“Listen”: amor de combate e injustiça social na estreia multi-premiada de Ana Rocha de Sousa

⭐️⭐️⭐️

Este é cinema que apela e se compromete, onde o título é já uma declaração de punho cerrado nas suas intenções.

SINOPSE: Nos subúrbios de Londres, Bela e Jota enfrentam sérias dificuldades quando os “serviços sociais” levantam suspeitas sobre a segurança dos seus três filhos. A surdez da filha de 7 anos desencadeia um processo no sistema que parece não ter fim. Tudo se complica com o passar do tempo.


Listen” é a estreia nas longas-metragens da realizadora Ana Rocha de Sousa, multi-premiada em Veneza pelo seu nervo implacável na denúncia. Condensado em 73 minutos, crú e despojado de artifícios, descreve o cenário doloroso com que uma família portuguesa a viver no Reino Unido se depara quando tem de enfrentar a intransigência burocrática do sistema social.

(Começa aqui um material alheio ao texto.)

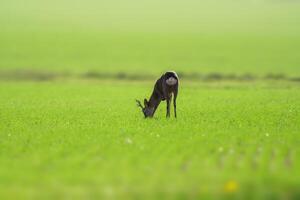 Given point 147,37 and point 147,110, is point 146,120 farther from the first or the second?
point 147,37

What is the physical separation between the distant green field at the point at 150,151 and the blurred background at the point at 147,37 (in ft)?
100.0

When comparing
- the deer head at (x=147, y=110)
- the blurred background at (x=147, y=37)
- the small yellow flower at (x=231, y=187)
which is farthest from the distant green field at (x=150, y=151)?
the blurred background at (x=147, y=37)

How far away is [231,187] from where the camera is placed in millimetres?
13422

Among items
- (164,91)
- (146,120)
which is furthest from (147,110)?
(146,120)

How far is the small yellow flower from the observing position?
13312 mm

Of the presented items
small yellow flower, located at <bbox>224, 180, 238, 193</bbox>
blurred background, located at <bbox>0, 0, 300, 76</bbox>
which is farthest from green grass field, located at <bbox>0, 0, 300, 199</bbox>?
blurred background, located at <bbox>0, 0, 300, 76</bbox>

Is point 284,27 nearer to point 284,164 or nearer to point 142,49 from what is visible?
point 142,49

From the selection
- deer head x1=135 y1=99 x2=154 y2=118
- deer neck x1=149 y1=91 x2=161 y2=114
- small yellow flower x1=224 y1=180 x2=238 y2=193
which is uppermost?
deer neck x1=149 y1=91 x2=161 y2=114

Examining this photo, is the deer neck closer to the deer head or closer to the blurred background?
the deer head

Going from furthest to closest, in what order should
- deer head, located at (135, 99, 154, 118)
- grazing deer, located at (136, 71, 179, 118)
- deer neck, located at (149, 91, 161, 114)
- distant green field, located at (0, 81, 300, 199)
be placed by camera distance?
deer neck, located at (149, 91, 161, 114), deer head, located at (135, 99, 154, 118), grazing deer, located at (136, 71, 179, 118), distant green field, located at (0, 81, 300, 199)

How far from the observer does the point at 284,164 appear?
15.6 metres

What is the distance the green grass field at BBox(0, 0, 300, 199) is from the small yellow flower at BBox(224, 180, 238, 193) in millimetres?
31

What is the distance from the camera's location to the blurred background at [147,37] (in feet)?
216

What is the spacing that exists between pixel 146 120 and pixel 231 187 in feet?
40.1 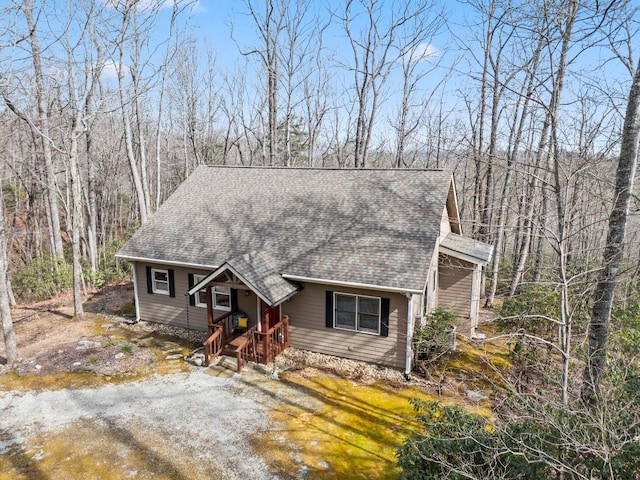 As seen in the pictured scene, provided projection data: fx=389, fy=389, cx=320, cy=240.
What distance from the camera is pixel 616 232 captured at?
6688 millimetres

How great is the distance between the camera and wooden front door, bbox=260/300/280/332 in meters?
11.2

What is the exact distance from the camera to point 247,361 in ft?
37.5

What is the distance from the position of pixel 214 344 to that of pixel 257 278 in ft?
7.92

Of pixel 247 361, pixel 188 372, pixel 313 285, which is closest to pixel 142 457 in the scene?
pixel 188 372

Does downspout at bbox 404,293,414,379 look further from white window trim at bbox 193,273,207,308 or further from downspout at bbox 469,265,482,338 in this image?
white window trim at bbox 193,273,207,308

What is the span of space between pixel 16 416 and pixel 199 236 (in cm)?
704

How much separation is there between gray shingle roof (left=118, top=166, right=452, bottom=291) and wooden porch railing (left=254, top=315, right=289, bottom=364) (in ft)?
5.71

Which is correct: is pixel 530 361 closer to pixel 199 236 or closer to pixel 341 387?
pixel 341 387

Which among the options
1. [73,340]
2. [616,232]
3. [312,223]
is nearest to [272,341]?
[312,223]

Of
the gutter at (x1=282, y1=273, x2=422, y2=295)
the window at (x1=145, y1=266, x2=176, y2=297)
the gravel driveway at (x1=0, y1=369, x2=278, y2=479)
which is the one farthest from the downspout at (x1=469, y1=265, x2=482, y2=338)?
the window at (x1=145, y1=266, x2=176, y2=297)

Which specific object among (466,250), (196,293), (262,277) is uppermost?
(466,250)

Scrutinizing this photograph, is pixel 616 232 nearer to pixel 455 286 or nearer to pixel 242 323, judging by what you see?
pixel 455 286

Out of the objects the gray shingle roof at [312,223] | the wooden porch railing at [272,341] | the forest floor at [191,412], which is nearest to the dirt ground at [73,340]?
the forest floor at [191,412]

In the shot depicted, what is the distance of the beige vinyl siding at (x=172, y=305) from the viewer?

O título é para nos chamar a atenção a nós, espectadores, mas também se refere à inflexibilidade surda dos serviços sociais e à surdez da filha Lu, característica que irá despoletar um escalar de gravidade que nos enerva e colocará a família em estado de emergência, em frente a uma porta sem retorno.

Com punho cerrado e voz ativista, Ana Rocha de Sousa avança contra sistema cruel, onde a adoção forçada de crianças desmembra núcleos familiares sem lhes dar oportunidade de explicação ou defesa, pois tomam como ponto de análise primordial a situação financeira e o contexto social, sem nunca considerarem o amor dos pais ou as vontades das próprias crianças envolvidas.

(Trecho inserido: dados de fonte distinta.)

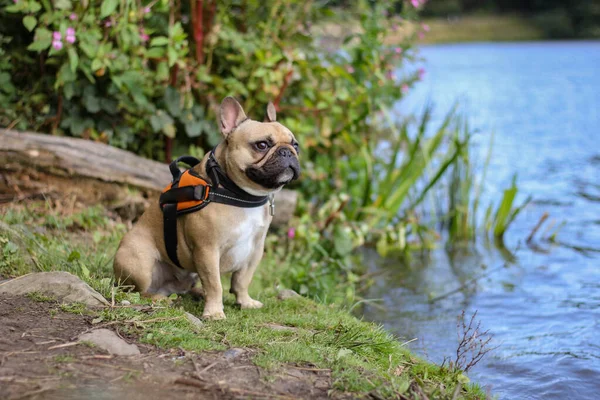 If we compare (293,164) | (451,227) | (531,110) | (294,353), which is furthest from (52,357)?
(531,110)

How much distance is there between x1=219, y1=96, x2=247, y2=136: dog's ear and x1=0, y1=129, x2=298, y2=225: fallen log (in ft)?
7.07

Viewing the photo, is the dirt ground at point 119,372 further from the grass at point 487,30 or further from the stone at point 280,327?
the grass at point 487,30

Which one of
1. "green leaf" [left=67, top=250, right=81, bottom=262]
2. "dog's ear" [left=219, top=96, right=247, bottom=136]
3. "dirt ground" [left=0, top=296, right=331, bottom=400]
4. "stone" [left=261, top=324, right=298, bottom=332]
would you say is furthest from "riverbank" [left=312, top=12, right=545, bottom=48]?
"dirt ground" [left=0, top=296, right=331, bottom=400]

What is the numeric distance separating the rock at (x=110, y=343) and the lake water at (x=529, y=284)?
213 centimetres

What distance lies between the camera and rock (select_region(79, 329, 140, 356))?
3.33 m

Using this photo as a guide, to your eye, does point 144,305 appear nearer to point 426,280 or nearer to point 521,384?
point 521,384

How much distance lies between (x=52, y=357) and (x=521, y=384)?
9.83 feet

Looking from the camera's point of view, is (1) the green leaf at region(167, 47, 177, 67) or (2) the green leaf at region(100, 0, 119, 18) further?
(1) the green leaf at region(167, 47, 177, 67)

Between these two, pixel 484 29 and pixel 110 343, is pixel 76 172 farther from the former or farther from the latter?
pixel 484 29

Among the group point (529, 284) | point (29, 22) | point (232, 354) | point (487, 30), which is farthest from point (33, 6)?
point (487, 30)

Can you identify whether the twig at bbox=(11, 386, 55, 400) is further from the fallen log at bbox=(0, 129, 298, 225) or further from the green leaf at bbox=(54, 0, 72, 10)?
the green leaf at bbox=(54, 0, 72, 10)

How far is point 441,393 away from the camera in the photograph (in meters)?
3.28

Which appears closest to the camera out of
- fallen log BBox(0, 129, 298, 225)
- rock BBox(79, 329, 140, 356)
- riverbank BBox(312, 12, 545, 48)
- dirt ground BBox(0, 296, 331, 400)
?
dirt ground BBox(0, 296, 331, 400)

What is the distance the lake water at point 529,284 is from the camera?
16.2 ft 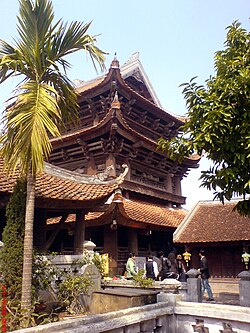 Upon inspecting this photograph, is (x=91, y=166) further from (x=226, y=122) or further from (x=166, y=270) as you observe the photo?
(x=226, y=122)

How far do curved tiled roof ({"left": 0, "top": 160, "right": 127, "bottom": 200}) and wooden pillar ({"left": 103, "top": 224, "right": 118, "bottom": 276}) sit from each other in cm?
480

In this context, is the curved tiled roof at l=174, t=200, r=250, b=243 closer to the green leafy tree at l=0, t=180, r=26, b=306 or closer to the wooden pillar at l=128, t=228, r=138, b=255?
the wooden pillar at l=128, t=228, r=138, b=255

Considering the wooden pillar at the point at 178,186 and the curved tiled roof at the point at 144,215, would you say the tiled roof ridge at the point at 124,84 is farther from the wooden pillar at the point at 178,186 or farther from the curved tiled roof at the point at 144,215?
the curved tiled roof at the point at 144,215

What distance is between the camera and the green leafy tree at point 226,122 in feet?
21.8

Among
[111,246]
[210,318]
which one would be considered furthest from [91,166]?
[210,318]

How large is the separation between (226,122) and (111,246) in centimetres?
1039

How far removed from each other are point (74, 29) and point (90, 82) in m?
18.2

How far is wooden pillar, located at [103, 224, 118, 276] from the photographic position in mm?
15523

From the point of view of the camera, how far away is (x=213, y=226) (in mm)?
16891

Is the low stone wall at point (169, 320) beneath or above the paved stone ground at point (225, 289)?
above

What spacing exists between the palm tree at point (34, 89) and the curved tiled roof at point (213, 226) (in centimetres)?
1071

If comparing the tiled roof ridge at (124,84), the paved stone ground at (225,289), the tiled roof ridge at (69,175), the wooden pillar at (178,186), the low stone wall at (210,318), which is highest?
the tiled roof ridge at (124,84)

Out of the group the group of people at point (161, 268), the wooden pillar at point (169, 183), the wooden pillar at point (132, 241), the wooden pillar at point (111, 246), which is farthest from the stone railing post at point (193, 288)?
the wooden pillar at point (169, 183)

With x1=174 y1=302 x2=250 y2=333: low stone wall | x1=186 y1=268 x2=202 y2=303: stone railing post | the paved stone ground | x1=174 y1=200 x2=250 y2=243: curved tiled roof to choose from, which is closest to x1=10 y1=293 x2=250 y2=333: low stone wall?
x1=174 y1=302 x2=250 y2=333: low stone wall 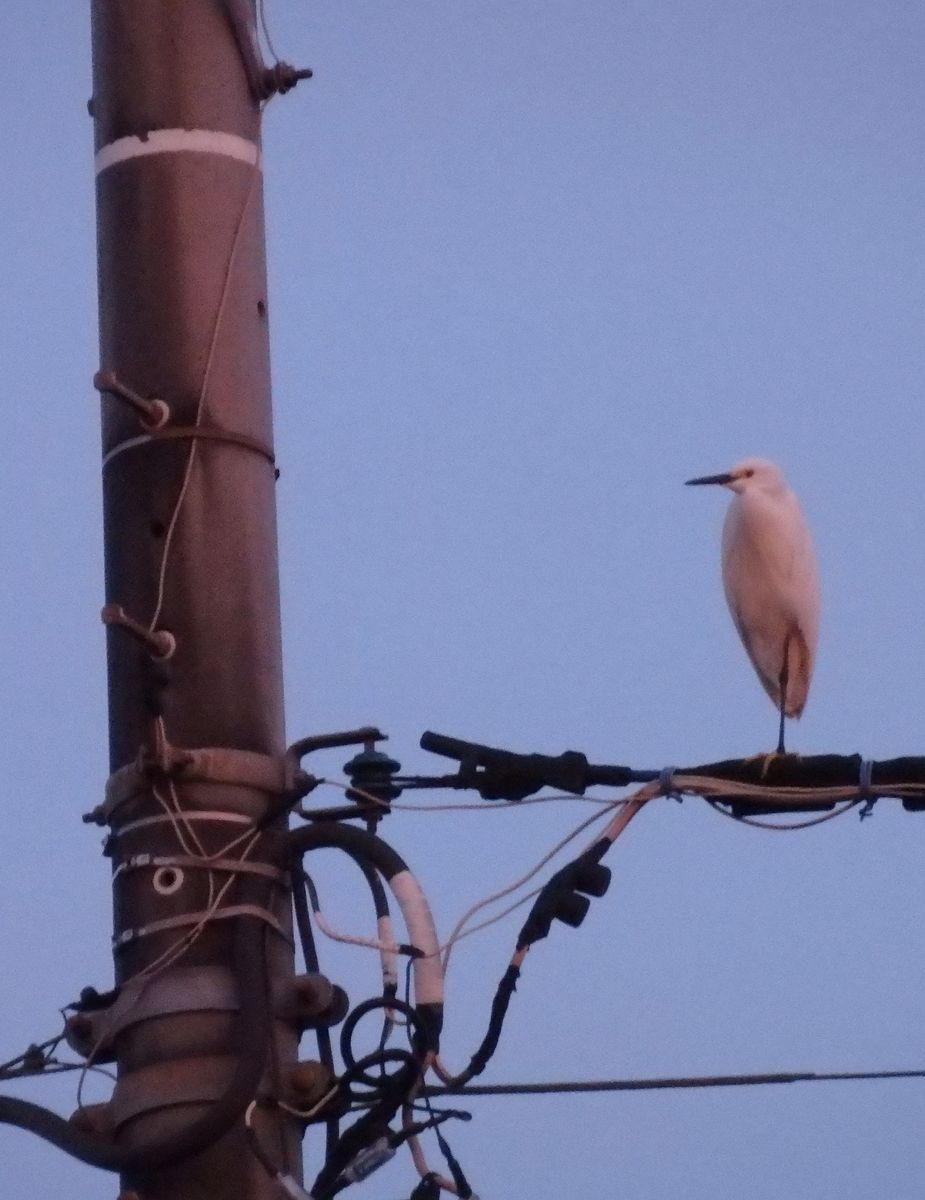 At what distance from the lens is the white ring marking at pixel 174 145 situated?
5238 mm

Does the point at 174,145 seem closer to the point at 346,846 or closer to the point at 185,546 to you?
the point at 185,546

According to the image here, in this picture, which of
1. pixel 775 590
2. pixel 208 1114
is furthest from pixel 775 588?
pixel 208 1114

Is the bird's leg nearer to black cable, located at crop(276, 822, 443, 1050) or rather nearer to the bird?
the bird

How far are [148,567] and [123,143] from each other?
1073 millimetres

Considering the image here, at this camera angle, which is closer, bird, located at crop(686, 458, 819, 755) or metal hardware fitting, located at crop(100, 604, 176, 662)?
metal hardware fitting, located at crop(100, 604, 176, 662)

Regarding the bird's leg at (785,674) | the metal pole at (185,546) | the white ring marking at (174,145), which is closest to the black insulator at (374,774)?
the metal pole at (185,546)

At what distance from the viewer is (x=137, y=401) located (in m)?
4.95

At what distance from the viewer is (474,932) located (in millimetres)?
5000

E pior, após as crianças serem colocadas em famílias de acolhimento, nos termos da lei britânica, esta decisão não pode ser invertida. Mas, como Ana Rocha de Sousa nos quer fazer “ouvir”, pode ser combatida.

Pelo ponto de vista de Lu (Maisie Sly), que vê o mundo pela lente de uma máquina fotográfica de cartão, Ana Rocha de Sousa e o diretor de fotografia Hatti Beanland ainda pintam uma certa poesia. Atenuam as condições em que a família vive, e em conjunto com os desenhos que o pai Jota faz dos seus filhos e de Bela, a realizadora evoca que há mais do que a pobreza e a luta constante dos seus pais. Mas como a lente de Lu, esta poesia e lirismo em breve se irão quebrar.

A cineasta não romantiza a pobreza e adota um tom sério, firme e directo para retratar as dificuldades da classe trabalhadora e o seu envolvimento com as instituições sociais.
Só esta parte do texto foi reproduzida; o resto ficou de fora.